FIG. 8 shows a variant in which the field 37 of the impingement cooling holes is rounded off in the corner area, so that the boundary G extends in the form of a circular arc in this location.

According to the invention, the openings for the impingement cooling are thus placed at a distance A from the edge of the shingle in order to avoid any edge leakages from an impingement-effusion-cooled shingle, so that effusion cooling holes can be arranged between the impingement cooling opening that is closest to the edge and the inner side of the edge of the shingle so as to ensure an outflow of cooling air from the impingement cooling holes through the effusion cooling holes, and to avoid any edge leakage.

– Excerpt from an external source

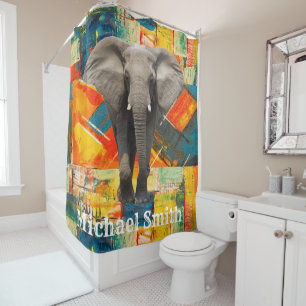 Shower Curtain Abstract Elephant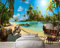 Benutzerdefinierte Tapete 3D Fototapete Magic Pirate Treasure Island Landschaft Tv Hintergrund Tapetenwandbild,300 * 210Cm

The distance from the edge of the shingle, in which no impingement cooling holes are provided, is at least 2 times the free path length of the impingement cooling jet within the intermediate space formed by the shingle.

Claims

1. A chamber of a gas turbine, with at least one shingle that comprises a plate-shaped shingle body having a circumferential shingle edge which is raised from the side that is facing away from the combustion chamber interior space, and which abuts against a combustion chamber wall in the mounted state of the shingle, wherein the shingle body is provided with an arrangement of effusion cooling holes, and the combustion chamber wall is provided with an arrangement of impingement cooling holes in the area of the shingle, wherein the arrangement of impingement cooling holes has a lateral distance to the shingle edge which is between 1.5 and 2 times the distance of the surface of the combustion chamber wall to the surface of the shingle body, and in that the distance of the arrangement of impingement cooling holes is between 1.1 and 3 of the lateral distance in the corner areas of the shingle.

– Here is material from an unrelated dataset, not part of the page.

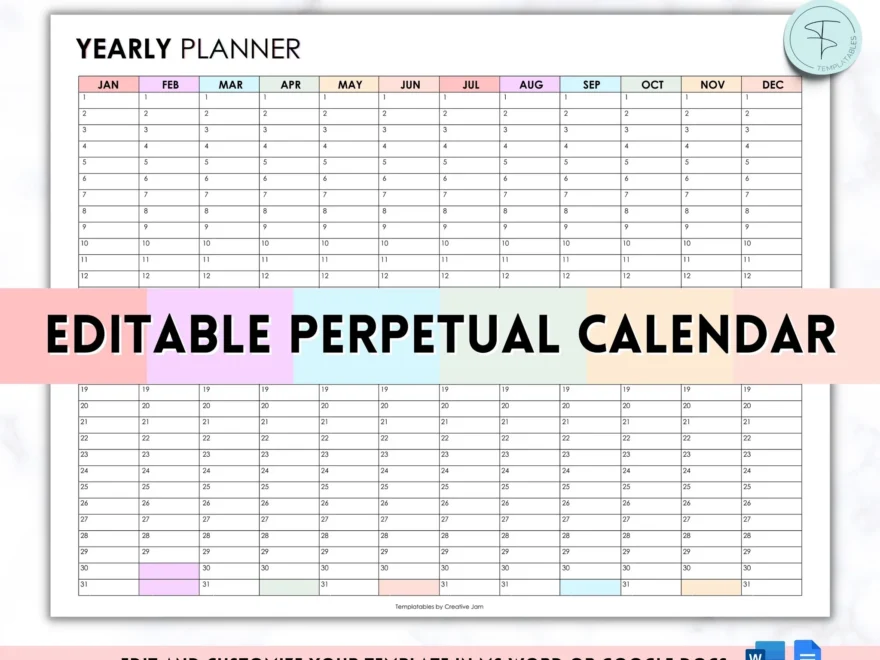 EDITABLE Perpetual Calendar Undated Annual 12 Month Planner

2. The combustion chamber according to claim 1, wherein the distance in the corner areas is between 1.5 and 2.5 of the distance.

3. The combustion chamber according to claim 1, wherein the corner area of the arrangement of impingement cooling holes is embodied in a linear manner.

4. The combustion chamber according to claim 1, wherein the corner area of the arrangement of impingement cooling holes is embodied in a rounded-off manner.

5. The combustion chamber according to claim 1, wherein the arrangement of effusion cooling holes comprises the entire shingle body.

6. The combustion chamber according to claim 5, wherein effusion cooling holes are arranged inside the distance (A).

7. The combustion chamber according to claim 5, wherein the ratio of the number of impingement cooling holes to the number of effusion cooling holes is 1:1 to 1:3.

8. The combustion chamber according to claim 7, wherein respectively at least one row of effusion cooling holes is arranged inside the distance, wherein the number of rows of effusion cooling holes inside the distance corresponds to the ratio of the number of impingement cooling holes to the number of effusion cooling holes.